The researchers also stratified patients by whether they met standard inclusion criteria for randomized controlled trials of DCBs (n = 712; mean lesion length, 8.68 cm; 51.3% with calcification) or were part of a broader patient population (n = 1,125; mean lesion length, 12.88 cm; 73.3% with calcification).

The standard group that received the DCB had a 1-year rate of freedom from clinically driven TLR of 97.1% and the broader group that received the DCB had a rate of 91.7%, both of which were significantly better than the PTA group, Shishehbor said.

The TOTAL IN.PACT all-subject initiative is the largest independently adjudicated DCB analysis to date,” he said. “The IN.PACT Admiral DCB continues to demonstrate superior safety and freedom from revascularization compared to angioplasty. We have previously shown that the clinical significance of the DCB appears to be independent of lesion length. We have extended these findings to lesion complexity and shown excellent clinical efficacy between the broader and standard use, and that both were superior to angioplasty.” – by Erik Swain

References:

Laird J, et al. Late-Breaking Clinical Trials.

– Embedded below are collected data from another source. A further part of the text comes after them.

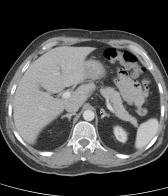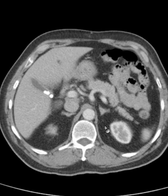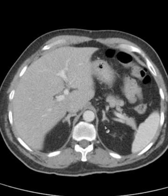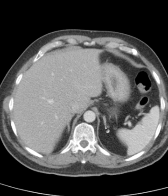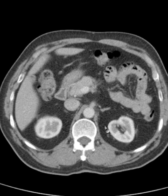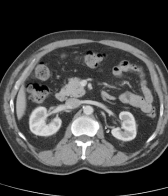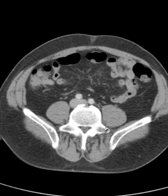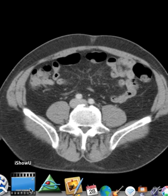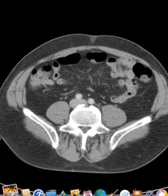Never forget our little friends, the adrenal glands. Here they are — a little pudgy, a little thick, but that's normal. That looks within normal limits, as we say. Great case of a renal cyst. Let's go. Thank you.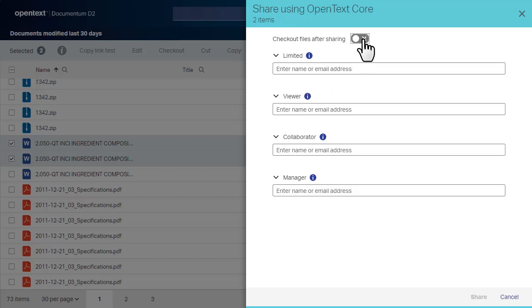We'll turn the switch on so we can check out files, collaborate with our contacts, and check in updated versions of the files later.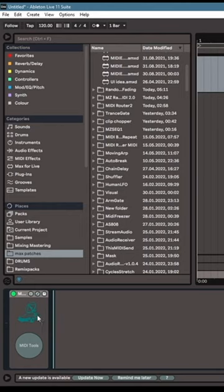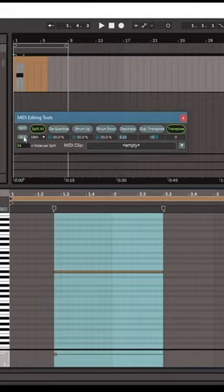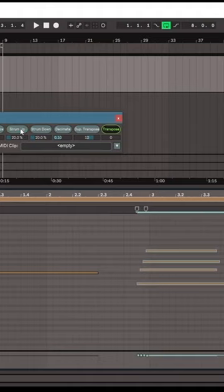Ableton has a MIDI editor that is on par with other DAWs, thanks to MZMIDIEdit. Now, you can split notes, you can join notes, and you can do things like strum up or strum down.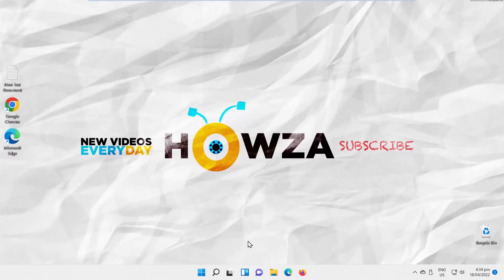Hey! Welcome to Howza Channel! In today's video, we will show you how to disable TLS 1.1 in Windows 11.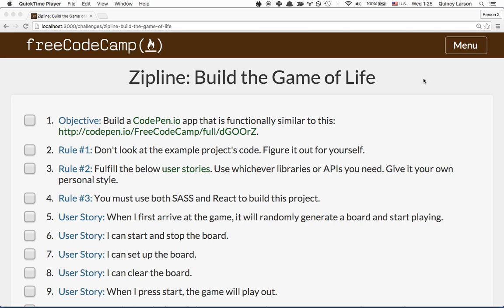All right, for the next zipline, we're going to use Sass and React to build the Game of Life.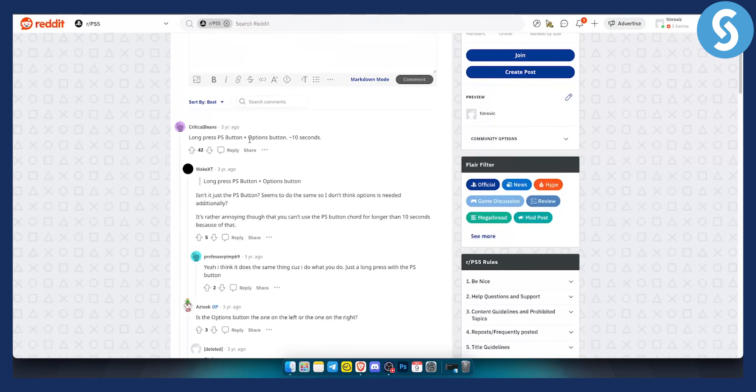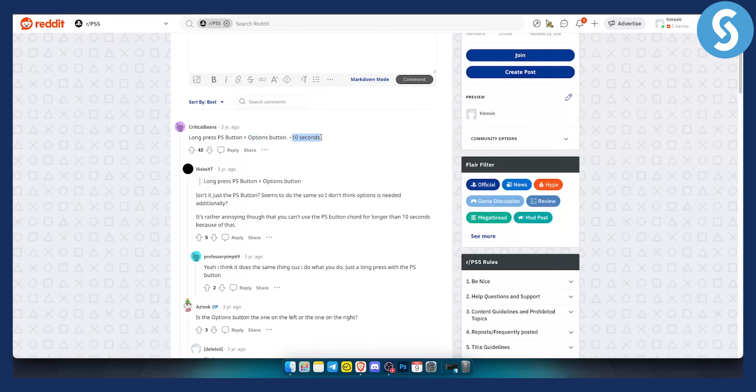As you can see it's very simple. All you have to do is long press the PlayStation button plus options button for 10 seconds. If this doesn't work, then just press the PlayStation button for at least 10 seconds.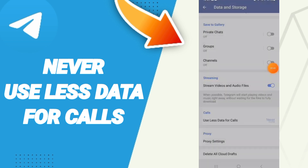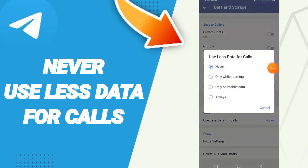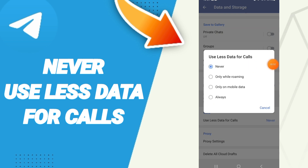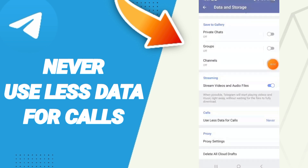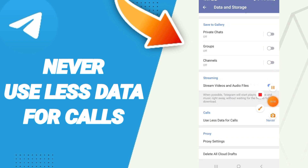Select 'Never,' and as you can see, you now know how to choose 'never use less data for calls' on the Telegram application. Please don't forget to support us by liking and subscribing. See you next time, and thank you for watching.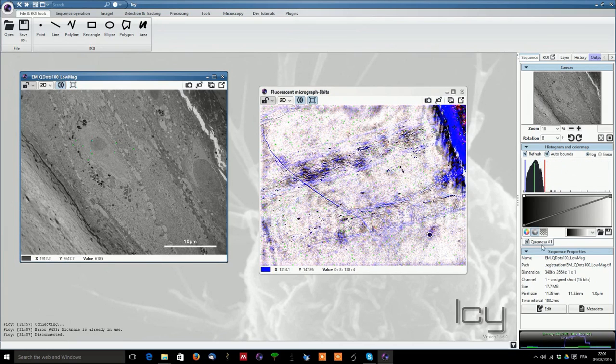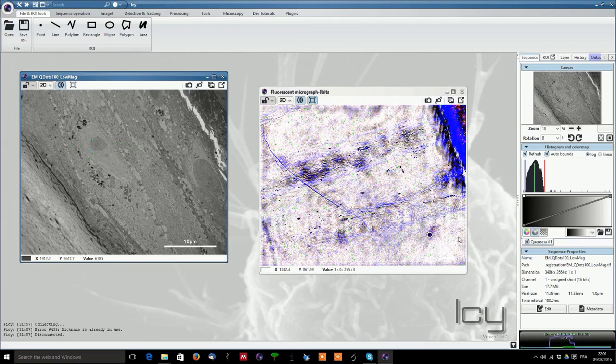Now when we look at the histogram here, we have different values and we can just play around with the histogram to have a proper display.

Shishehbor M, et al. Late-Breaking Clinical Trials. Both presented at: VIVA 18; Nov. 5-8, 2018; Las Vegas.

Disclosures: The studies were funded by Medtronic. Laird reports he received honoraria from Medtronic, received consultant fees from Abbott Vascular, Bard Peripheral Vascular, Boston Scientific, Medtronic and Reflow Medical and holds equity in Angioslide, Eximo, P.Q. Bypass, Reflow Medical, Shockwave Medical and Syntervention. Shishehbor reports he is a consultant and adviser to Abbott Vascular, Boston Scientific, Medtronic, Philips/Spectranetics and Terumo.